Mike Smith is a featured speaker at EMS EXPO, October 26-30, Georgia World Congress Center, Atlanta, GA. For more information, visit www.emsexpoevents.com.
Quality prehospital medicine is at once a blend of both science and art. Splints, airways, monitors and all the rest of our tools represent the best that science and technology have to offer. However, it's all for naught if the art of medicine fails us. A big part of that art is having the ability to work with people of all ages and sizes, some with one problem and some with lots of problems, some alert and oriented and others far from it. We have to be able to connect with all of our patients, win their trust and get the information we need to adequately meet their patient care needs.
This month we'll look at a handful of tricks I picked up over the years specific to younger patients. Here's hoping you will find something useful as you read on.
As a young child becomes increasingly aware of his surroundings, one thing becomes increasingly obvious early on: Most everything in the world appears large, while they are quite small. In their world, size does have meaning, and it's often equated with threat.
You can help to mitigate this perceived threat by reducing your profile as you approach the child. If the child is lying down, you should lie down. You are then eye-to-eye and, size-wise, no apparent threat. If lying down is unnecessary or impractical, kneeling or taking a seat on the drug box still reduces your overall size and presence markedly, and that often is the start of winning the child's trust, getting them to relax, and getting your assessment off to a smooth start.
Use Original Source Information
Obtaining an accurate history is often the most difficult element of ANY pediatric call, especially if the child is past age 3 or so, when communication skills are reasonably developed, and Mom is involved as the third leg of the communication triangle. Getting Mom to sit back and chill for a few moments while you query the child can be challenging. Suppressing the desire to chime in every half-sentence or so as the child tries to explain what happened can go from difficult to impossible for the mom who is trying to do as you ask.
Still in all, get as much of the history from the child as possible, because he is the source, making his statements arguably the most valid. Keep in mind that, in some cases, it isn't the volume of information you extract from the child. It may be just a single statement, like "I woke up and I couldn't breathe," that raises the red flag, tightens your diagnosis and gets you moving toward the appropriate intervention.
What Is Different Today?
During the process of information-gathering, you may get a lot of it in a hurry: lung sounds, blood sugar, blood pressure, current meds and so on. Arguably, when it's all said and done, the single most important piece of information you gather is often as simple as determining "What is different today?" Whether the answer is, "I've never seen my son looking this tired," "No, his inhaler always worked before," or "That rash started about 30 minutes after he took that new antibiotic," it is often the most important fact to consider.

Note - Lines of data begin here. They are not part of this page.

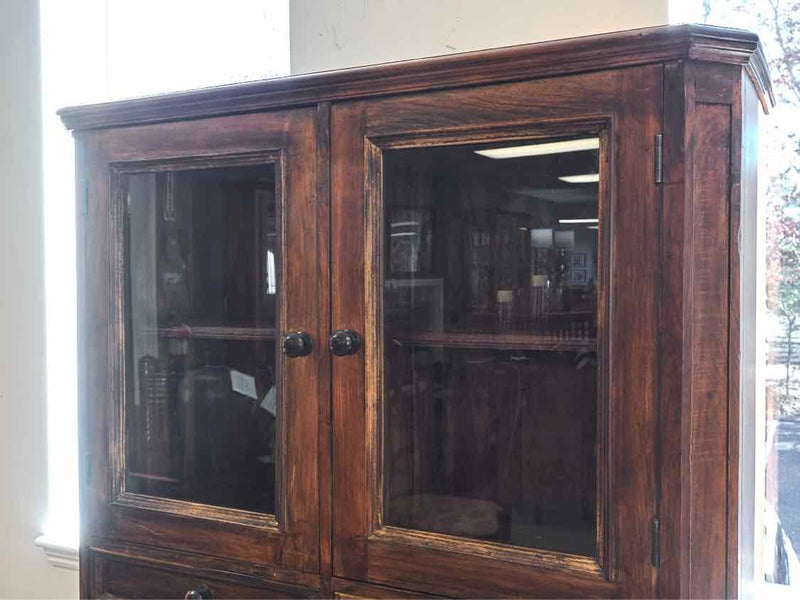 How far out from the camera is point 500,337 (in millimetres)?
856

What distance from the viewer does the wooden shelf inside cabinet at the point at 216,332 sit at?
3.19 ft

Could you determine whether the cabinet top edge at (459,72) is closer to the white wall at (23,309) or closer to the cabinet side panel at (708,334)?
the cabinet side panel at (708,334)

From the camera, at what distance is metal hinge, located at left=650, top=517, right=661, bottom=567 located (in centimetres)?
75

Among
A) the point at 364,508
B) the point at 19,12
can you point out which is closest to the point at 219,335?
the point at 364,508

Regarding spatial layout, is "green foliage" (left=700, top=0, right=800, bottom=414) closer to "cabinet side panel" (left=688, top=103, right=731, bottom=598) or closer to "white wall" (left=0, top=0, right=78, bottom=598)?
"cabinet side panel" (left=688, top=103, right=731, bottom=598)

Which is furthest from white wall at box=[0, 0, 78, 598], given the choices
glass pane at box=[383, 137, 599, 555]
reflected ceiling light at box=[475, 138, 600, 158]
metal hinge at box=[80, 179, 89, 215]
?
reflected ceiling light at box=[475, 138, 600, 158]

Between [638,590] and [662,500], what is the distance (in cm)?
10

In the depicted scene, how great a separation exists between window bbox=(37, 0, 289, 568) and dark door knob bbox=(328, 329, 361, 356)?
0.85m

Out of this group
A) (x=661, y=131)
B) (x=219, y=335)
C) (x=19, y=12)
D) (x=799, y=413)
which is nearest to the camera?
(x=661, y=131)

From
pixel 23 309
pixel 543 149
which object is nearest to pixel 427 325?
pixel 543 149

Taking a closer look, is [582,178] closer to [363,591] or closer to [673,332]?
[673,332]

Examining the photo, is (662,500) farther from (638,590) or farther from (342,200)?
(342,200)

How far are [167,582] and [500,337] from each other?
0.57 meters

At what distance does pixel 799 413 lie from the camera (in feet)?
3.81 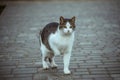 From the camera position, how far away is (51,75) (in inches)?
217

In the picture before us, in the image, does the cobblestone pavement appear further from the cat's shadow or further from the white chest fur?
the white chest fur

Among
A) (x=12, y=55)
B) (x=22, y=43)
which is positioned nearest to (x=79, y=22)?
(x=22, y=43)

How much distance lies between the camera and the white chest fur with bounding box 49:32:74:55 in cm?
511

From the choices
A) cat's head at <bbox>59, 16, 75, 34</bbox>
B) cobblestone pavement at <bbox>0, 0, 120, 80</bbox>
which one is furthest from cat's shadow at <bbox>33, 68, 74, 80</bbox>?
cat's head at <bbox>59, 16, 75, 34</bbox>

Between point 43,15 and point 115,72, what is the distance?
6.04m

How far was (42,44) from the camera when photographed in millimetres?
5605

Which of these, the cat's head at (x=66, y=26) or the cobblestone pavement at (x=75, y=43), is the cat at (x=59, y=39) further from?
the cobblestone pavement at (x=75, y=43)

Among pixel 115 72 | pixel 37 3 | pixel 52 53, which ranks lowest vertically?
pixel 115 72

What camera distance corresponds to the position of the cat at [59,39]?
16.4 feet

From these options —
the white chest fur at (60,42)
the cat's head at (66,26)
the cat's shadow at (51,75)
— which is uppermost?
the cat's head at (66,26)

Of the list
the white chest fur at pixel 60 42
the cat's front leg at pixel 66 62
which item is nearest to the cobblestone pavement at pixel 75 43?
the cat's front leg at pixel 66 62

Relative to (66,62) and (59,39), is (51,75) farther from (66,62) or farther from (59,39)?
(59,39)

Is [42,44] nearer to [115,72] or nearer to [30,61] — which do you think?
[30,61]

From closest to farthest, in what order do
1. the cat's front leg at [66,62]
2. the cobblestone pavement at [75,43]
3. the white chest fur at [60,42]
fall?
the white chest fur at [60,42] → the cat's front leg at [66,62] → the cobblestone pavement at [75,43] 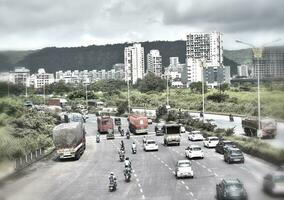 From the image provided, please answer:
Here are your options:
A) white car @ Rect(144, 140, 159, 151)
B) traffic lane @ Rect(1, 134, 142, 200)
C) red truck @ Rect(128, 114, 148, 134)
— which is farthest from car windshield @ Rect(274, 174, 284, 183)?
red truck @ Rect(128, 114, 148, 134)

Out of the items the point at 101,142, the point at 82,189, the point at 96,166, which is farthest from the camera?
the point at 101,142

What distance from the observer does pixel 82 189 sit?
4488 centimetres

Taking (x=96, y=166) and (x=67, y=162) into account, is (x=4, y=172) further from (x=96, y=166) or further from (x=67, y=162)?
(x=67, y=162)

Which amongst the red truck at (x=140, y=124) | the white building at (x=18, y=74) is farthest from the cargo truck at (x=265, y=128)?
the red truck at (x=140, y=124)

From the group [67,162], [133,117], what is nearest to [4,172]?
[67,162]

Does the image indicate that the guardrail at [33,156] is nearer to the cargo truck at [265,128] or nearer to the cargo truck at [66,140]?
the cargo truck at [66,140]

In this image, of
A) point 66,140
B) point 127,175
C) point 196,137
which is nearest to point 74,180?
point 127,175

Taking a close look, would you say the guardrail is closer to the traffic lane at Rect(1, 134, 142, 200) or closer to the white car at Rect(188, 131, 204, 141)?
the traffic lane at Rect(1, 134, 142, 200)

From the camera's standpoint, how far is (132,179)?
163 feet

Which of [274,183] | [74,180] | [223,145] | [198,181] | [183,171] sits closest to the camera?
[274,183]

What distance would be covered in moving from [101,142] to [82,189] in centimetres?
5193

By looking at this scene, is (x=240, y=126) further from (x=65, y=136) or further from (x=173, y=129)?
(x=65, y=136)

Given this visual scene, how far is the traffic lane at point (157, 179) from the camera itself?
38.8m

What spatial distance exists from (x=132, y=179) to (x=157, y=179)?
2620mm
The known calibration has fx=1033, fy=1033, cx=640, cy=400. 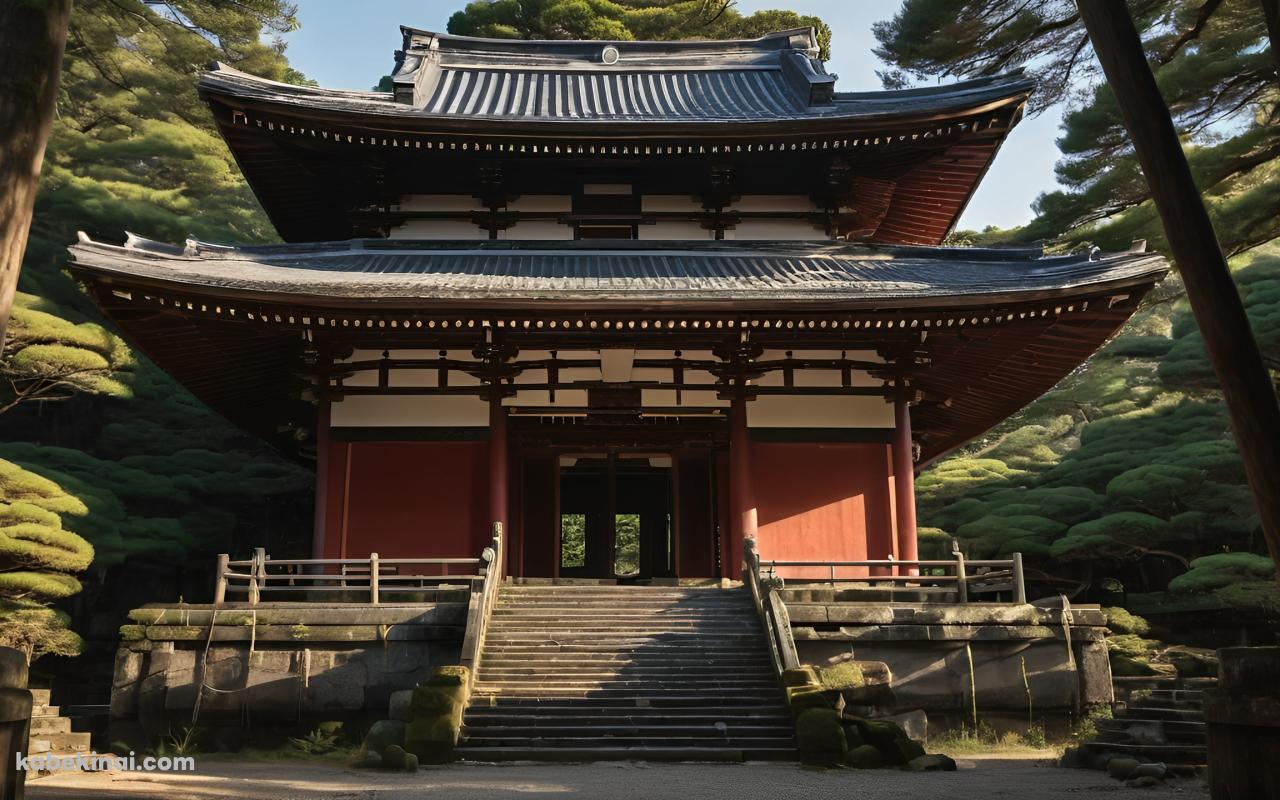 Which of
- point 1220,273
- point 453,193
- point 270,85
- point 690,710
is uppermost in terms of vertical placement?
point 270,85

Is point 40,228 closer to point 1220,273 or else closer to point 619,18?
point 619,18

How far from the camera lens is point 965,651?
1322 centimetres

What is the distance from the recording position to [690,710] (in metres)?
11.5

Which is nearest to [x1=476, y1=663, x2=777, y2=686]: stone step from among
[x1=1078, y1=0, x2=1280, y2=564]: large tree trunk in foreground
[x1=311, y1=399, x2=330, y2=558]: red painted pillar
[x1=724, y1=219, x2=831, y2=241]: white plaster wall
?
[x1=311, y1=399, x2=330, y2=558]: red painted pillar

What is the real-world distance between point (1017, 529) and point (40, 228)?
26232 millimetres

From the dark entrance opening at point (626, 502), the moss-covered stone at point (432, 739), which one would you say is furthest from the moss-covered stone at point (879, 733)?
the dark entrance opening at point (626, 502)

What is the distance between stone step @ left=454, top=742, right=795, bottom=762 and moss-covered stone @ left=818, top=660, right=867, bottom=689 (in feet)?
4.54

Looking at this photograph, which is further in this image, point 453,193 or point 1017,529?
point 1017,529

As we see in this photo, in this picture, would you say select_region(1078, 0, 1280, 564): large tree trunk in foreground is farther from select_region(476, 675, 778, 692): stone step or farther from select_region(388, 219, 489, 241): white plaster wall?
select_region(388, 219, 489, 241): white plaster wall

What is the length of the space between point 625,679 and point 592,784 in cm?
324

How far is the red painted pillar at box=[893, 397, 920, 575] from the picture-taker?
1617 cm

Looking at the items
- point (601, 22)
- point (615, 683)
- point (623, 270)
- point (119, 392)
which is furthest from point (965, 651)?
point (601, 22)

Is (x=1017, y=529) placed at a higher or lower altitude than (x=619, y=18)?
lower

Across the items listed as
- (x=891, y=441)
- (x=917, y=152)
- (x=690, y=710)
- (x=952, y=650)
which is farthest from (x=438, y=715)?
(x=917, y=152) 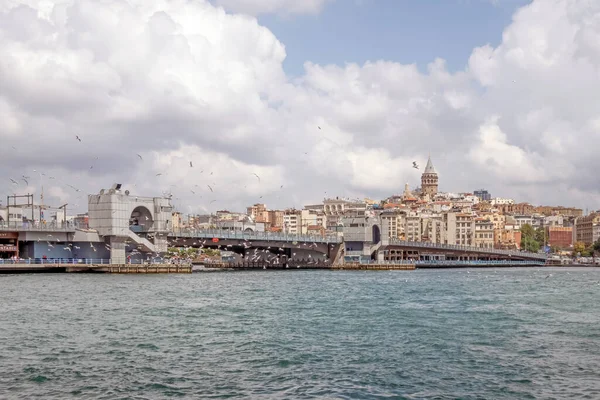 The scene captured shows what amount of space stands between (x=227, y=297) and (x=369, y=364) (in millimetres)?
29269

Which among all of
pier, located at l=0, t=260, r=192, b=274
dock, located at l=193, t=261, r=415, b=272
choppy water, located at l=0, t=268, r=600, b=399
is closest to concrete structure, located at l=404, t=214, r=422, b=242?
dock, located at l=193, t=261, r=415, b=272

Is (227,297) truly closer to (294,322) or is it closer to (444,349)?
(294,322)

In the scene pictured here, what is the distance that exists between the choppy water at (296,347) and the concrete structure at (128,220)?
120 feet

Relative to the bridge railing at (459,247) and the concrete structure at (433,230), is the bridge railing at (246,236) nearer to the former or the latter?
the bridge railing at (459,247)

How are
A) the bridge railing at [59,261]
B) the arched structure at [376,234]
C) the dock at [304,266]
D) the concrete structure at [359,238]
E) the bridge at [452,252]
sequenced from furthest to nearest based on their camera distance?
the bridge at [452,252] < the arched structure at [376,234] < the concrete structure at [359,238] < the dock at [304,266] < the bridge railing at [59,261]

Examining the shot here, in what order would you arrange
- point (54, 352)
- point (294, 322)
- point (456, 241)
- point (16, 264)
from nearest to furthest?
point (54, 352) → point (294, 322) → point (16, 264) → point (456, 241)

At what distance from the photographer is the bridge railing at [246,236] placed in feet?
335

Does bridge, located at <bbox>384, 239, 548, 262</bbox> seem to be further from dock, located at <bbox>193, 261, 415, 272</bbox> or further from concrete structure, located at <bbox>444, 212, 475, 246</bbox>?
concrete structure, located at <bbox>444, 212, 475, 246</bbox>

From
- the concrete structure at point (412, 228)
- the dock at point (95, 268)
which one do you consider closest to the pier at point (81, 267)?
the dock at point (95, 268)

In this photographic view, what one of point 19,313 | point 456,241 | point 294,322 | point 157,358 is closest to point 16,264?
point 19,313

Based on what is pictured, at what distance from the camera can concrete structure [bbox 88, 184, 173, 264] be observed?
8925cm

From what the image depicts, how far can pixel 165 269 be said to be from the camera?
90.9 metres

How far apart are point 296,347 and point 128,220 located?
6421cm

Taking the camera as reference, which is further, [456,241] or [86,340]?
[456,241] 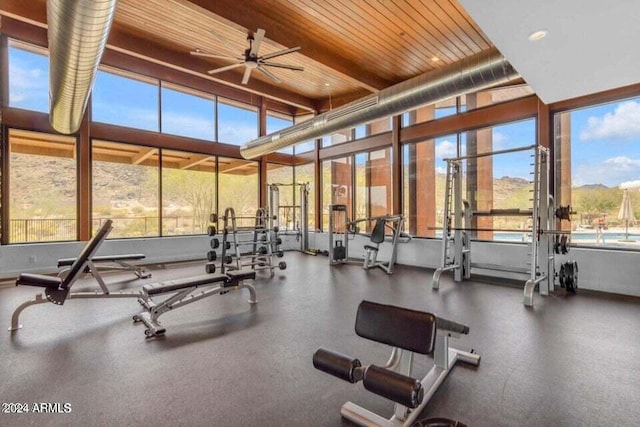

Continuously Assess Breathing
Of all the things I've learned about taking care of sick and injured children, it's to make certain that you monitor the child's breathing on an ongoing basis. A young child can double or triple his heart rate in the blink of an eye to meet a physiologic challenge. With no pathophysiology to hinder his body's ability to compensate, a child is a finely tuned biological machine.
But when they run out of steam, things can, and often do, go south in a hurry. A child in ventilatory fatigue is a very high-risk patient. Whenever possible, it is better to recognize when it's coming than to have an epiphany that the child is crashing and you are behind the curve.